One of the most common causes of difficult to maintain software is falling foul of the sunk cost fallacy. When you've put so much time and energy into making something, it can be difficult to open your mind to better alternatives. We often equate more value to the things we build ourselves, even though to others, it may be an inferior solution. Being willing to take a step back and question whether your approach is the right one and be open to alternative solutions is a ultimate power move. Don't be precious about the code you build. It's there to be changed, built upon, or even replaced completely.

Caleb Crandall

Context-driven software engineer in test | Scrum master

5d

"We often equate more value to the things we build ourselves, even though to others, it may be an inferior solution." In addition to sunk cost fallacy, I've also seen this particular case referred to as "Not Invented Here Syndrome".

Gregor Ojstersek

CTO | Author of Engineering Leadership newsletter (65k+ subscribers) - Helping you become a great engineering leader!

5d

Right, getting emotionally attached to what you write can really hurt not only yourself, but the whole team / organization as well.
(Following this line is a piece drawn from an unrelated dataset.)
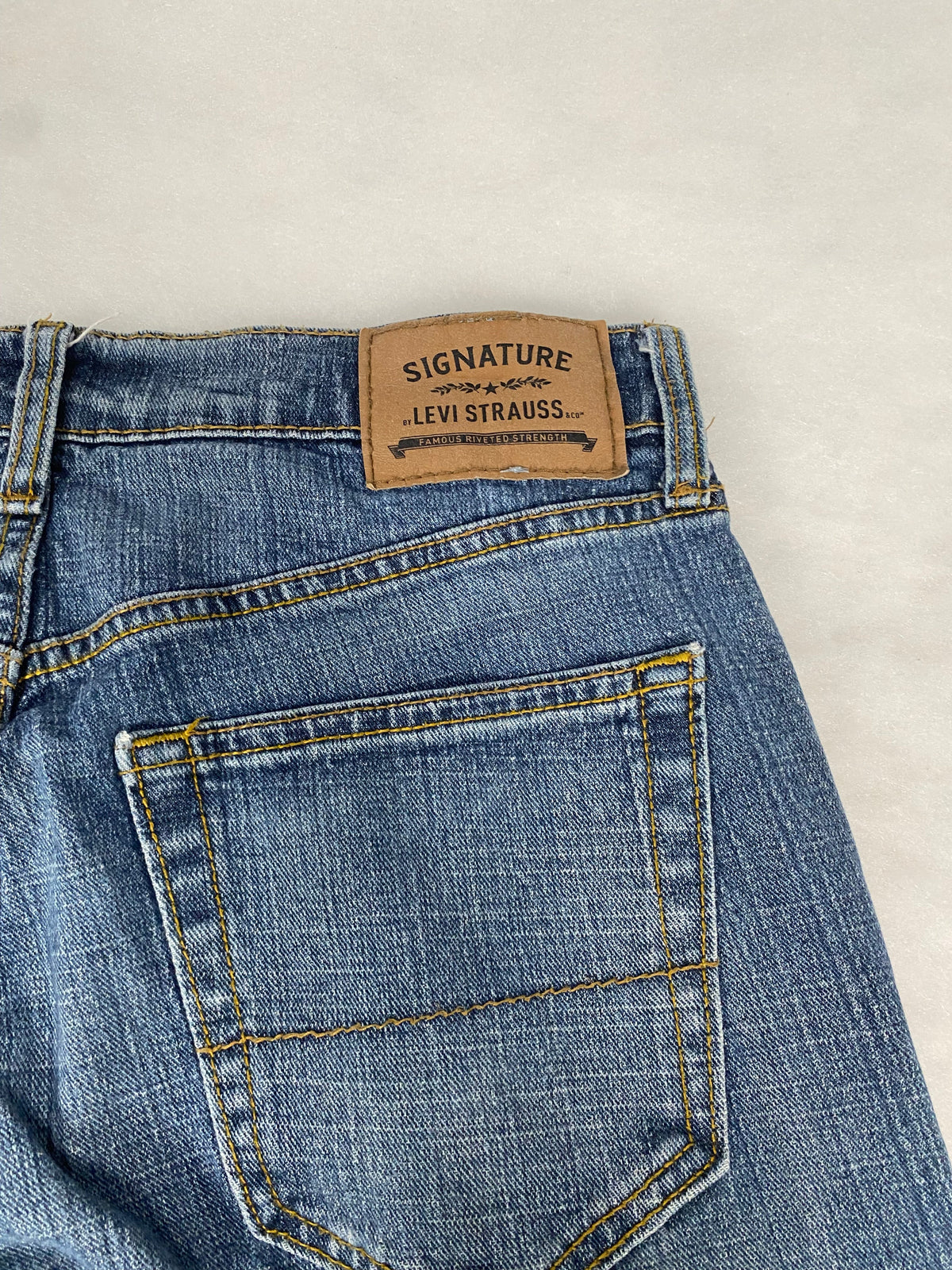 Jeans Levi's Signature patch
It's really important to understand that the code that we write is here to solve a certain problem. How good we solve the problem -> that's what's really important.

Steve Miller

C# || Blazor || .NET MAUI || Javascript || React || React Native

5d

I'm speaking to fellow sufferers of not wanting to delete/abandon your precious code, you can save it for later. It'll live in your Github forever.

Michael Lloyd

Agile Value Delivery coach and Creator of #DysfunctionMapping

5d

I keep seeing this in big organisations, where we spend more time and money maintaining legacy platforms than it would cost to just outright replace them.

Gavin Schubert

Operational governance, transparency & accountability | HR, Finance, Procurement, IT | 20+ years solving corp challenges | Chief of Staff, Executive or Lead Advisor | Now available, permanent or contract, in UK & Ireland

5d

Managers seem to be particularly susceptible to the sunk cost fallacy, Jade. 🙄

Any code can be cleaned up. One of the ways I do it is by proving the concepts in another area of the software. A few companies ago I built out the new way as an Admin and Debug tool. But since the Admin had to show all the data which the user facing side would show, it was a short hop to replace everything. A designer was then able to make a new design since we now had this new fangled concept of a "master page" and the entire site looked way prettier without having to modify every single page. It blew the customers away. If you want to build a new tool to prove an easier, cleaner way of doing things, find a small section you can prove it works with. The problem with off the shelf software is that you can become dependent on a third party to fix things and add features you need. The real trick is just getting good at coding and not writing software that is difficult to maintain and extend. And it all starts by having a well designed database.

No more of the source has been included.